PROVIDED ENTRIES START

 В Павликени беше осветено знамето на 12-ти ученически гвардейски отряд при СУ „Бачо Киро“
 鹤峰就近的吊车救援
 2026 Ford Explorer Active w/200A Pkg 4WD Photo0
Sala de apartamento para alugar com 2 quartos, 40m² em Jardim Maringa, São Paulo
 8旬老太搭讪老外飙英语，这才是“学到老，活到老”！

PROVIDED ENTRIES END
PROVIDED ENTRIES START

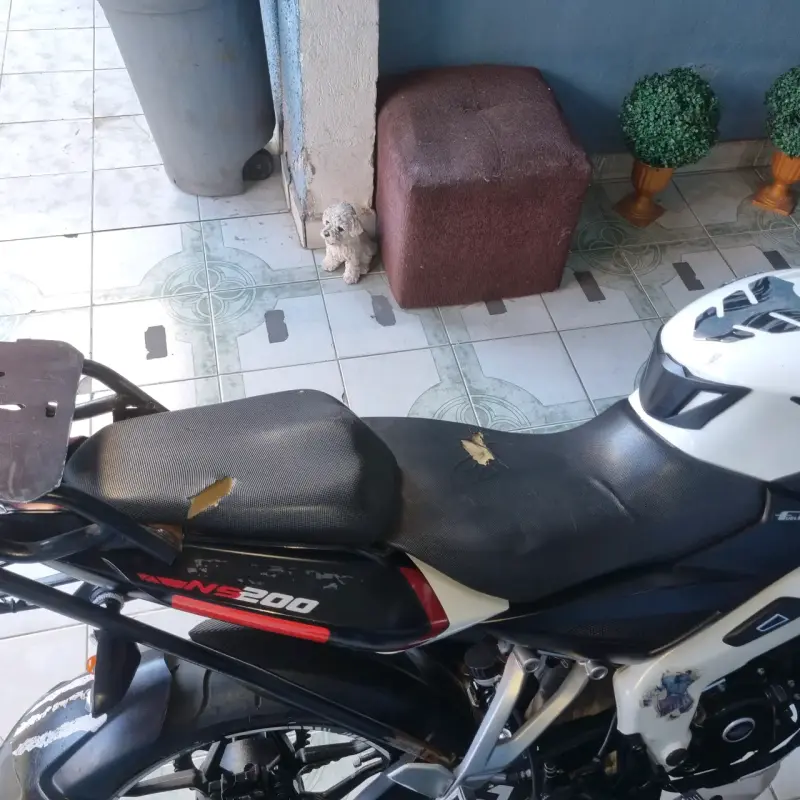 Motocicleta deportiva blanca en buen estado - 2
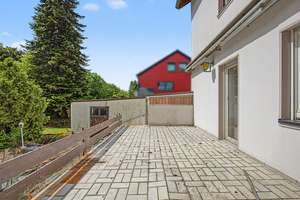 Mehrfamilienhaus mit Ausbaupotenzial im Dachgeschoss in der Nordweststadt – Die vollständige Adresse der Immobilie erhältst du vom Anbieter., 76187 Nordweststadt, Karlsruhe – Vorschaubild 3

PROVIDED ENTRIES END

### ABOUT THIS EXERCISE
Give again exactly, and only, the lines above starting at the one with "В Павликени беше" and ending at the one with "Sala de apartamento".

### REPLY TO THE TASK
 В Павликени беше осветено знамето на 12-ти ученически гвардейски отряд при СУ „Бачо Киро“
 鹤峰就近的吊车救援
 2026 Ford Explorer Active w/200A Pkg 4WD Photo0
Sala de apartamento para alugar com 2 quartos, 40m² em Jardim Maringa, São Paulo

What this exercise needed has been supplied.